I hired an interior designer to coordinate inside colors and fabrics ... simply jaw-dropping. As most audiophiles know, audio systems are only as good as the room in which they are installed. The scientifically-designed and computer-optimized acoustics inside the Magic Bus takes mobile audio listening to a new height. I've continued to acquire musicians' autographs, many famous, some with wild stories!

I'll conduct one-on-one listening sessions at approximately 8-10 minute intervals. That means only 40 or 50 lucky people per day will get to experience the Magic Bus. Feel free to bring your favorite audiophile recordings on CD (44.1 kHz-16 bit) or DVD-Audio (96 kHz-24 bit).
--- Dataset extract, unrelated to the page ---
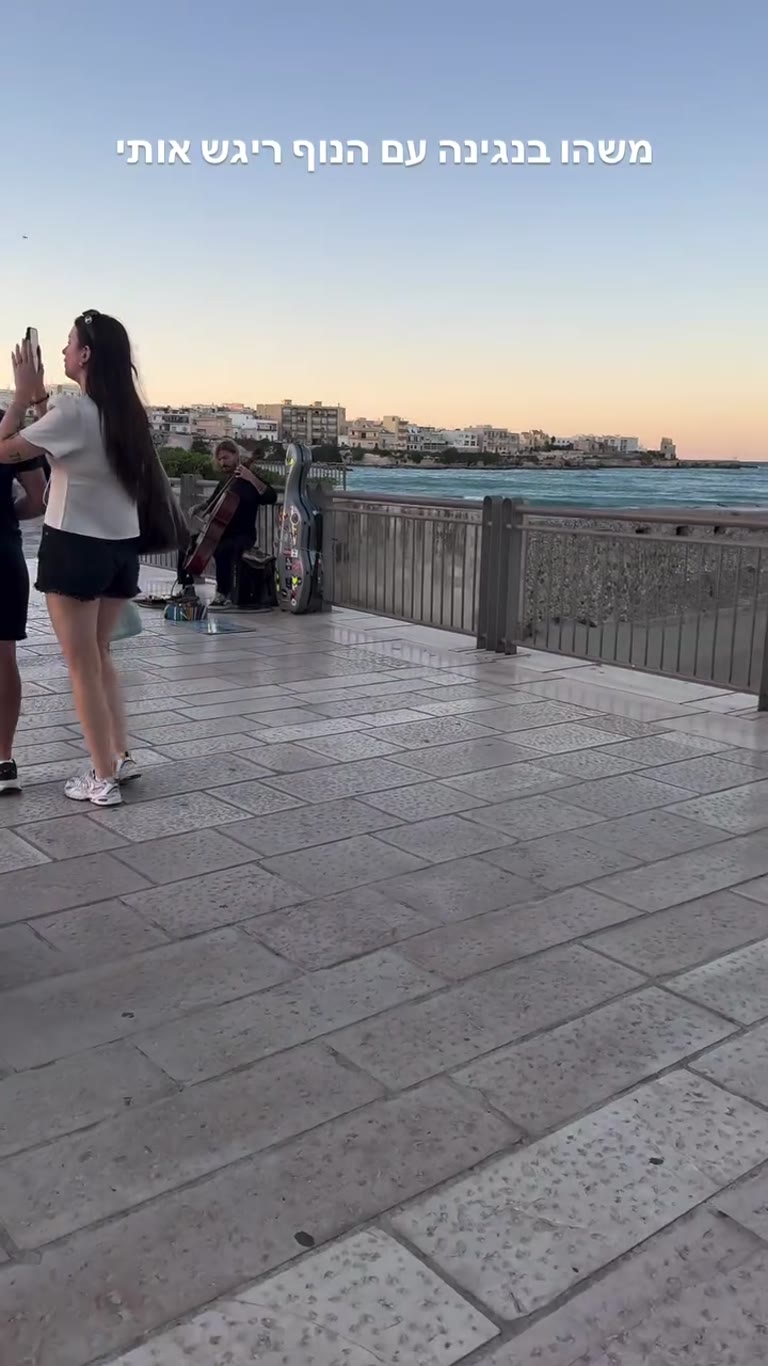 נגן צ'לו בטיילת מול השקיעה בפוליה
And please arrive early.

I've prepared something special for the Ladies: my salon, Shampoo Too, will have a booth at the expo where they'll be doing hair styling and other numerous beauty treatments.

Exhibit space for the expo is still available, but going fast. If you are interesting in exhibiting, contact Jon Whitledge for details.
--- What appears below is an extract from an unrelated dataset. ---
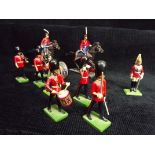 W. Britains - Coldstream Guards Marching Band. Household Cavalry Soldier is 'Britains' and dated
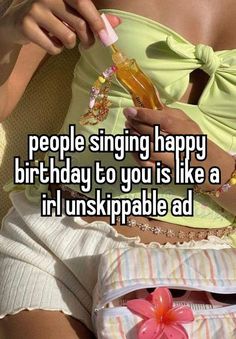 a woman sitting down with her stomach exposed and the words people singing happy birthday to you is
As the event draws near, there's talk of an informal jam session during the afternoons. If you're a musician, bring your instrument!

As a lover of music, you won't want to miss the powerful evening concerts @ Tango Del Rey, an intimate venue that seats only 225 guests & possesses extraordinary architectural design and fabulous acoustics. Don't miss this rare opportunity to sit up-close to the stage and feel the excitement and energy of internationally renowned musicians and hear music as it was truly meant to be heard. This event is special and, therefore, world-class recording engineers (using state-of-the-art equipment) will be on hand to make audiophile recordings of both concerts. 

Please reserve Saturday, April 23rd and/or Sunday, April 24th, for an unprecedented audio event in San Diego, California. San Diego is a vacationer's paradise. Bring your family, take kids to Sea World or Balboa Park. Party in the Gaslamp Quarter. Make a celebration of Easter weekend !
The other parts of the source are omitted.